No product stands still. Demand for 3-[(2S)-piperidin-2-yl]pyridine hydrochloride now includes larger-scale lots for expanded clinical candidates, sharper timelines, and more exacting regulatory scrutiny. We’re already expanding analytical coverage, running NMR profiling as routine instead of just “as needed,” and compiling longer-term stability data to support shelf-life projections.
Recent shifts in pharma supply chain management put a premium on direct-source material rather than through chains of intermediaries. We’ve fielded more requests for audit visits by remote video, and we don’t wait for regulations to dictate safety or documentation upgrades. Our technical and quality teams continually set new benchmarks by reviewing published procedures, collaborating with industry partners, and updating control protocols to fit current standards and scientific understanding.
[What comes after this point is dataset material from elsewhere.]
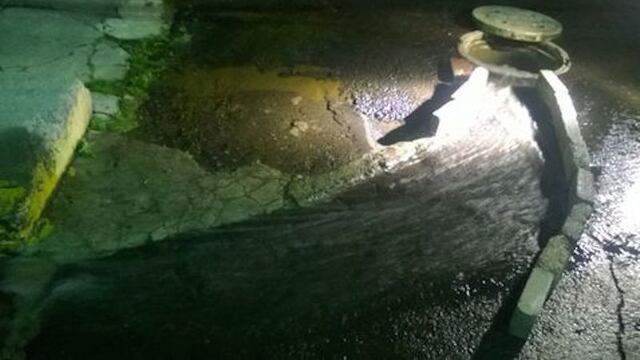 Foto: Alejandro González/Milenio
There’s no substitute for hands-on time with the material, whether it’s troubleshooting a stubbornly low-yield step in our own plant or breaking down a chromatograph with a client’s team. Those are steps that add real value, well beyond any generic purity guarantee.
Supplying 3-[(2S)-piperidin-2-yl]pyridine hydrochloride isn’t just about hitting a purity number or providing a pretty COA. It’s about building a bridge between our years of hands-on experience on the manufacturing floor and the workbench challenges of research chemists, process scientists, and drug development teams worldwide.
We stay close to every lot, from raw material sourcing to final analytical sign-off. Our team fields feedback every day—from simple compliments on powder handling to detailed troubleshooting requests with analytical data attached. These ongoing conversations keep us honest, nimble, and ready for whatever challenges tomorrow’s projects deliver.
The end goal: a product tailored not just by sterile protocol, but by lived experience, ongoing improvement, direct dialogue, and shared commitment to making tough science a little bit easier, every single batch.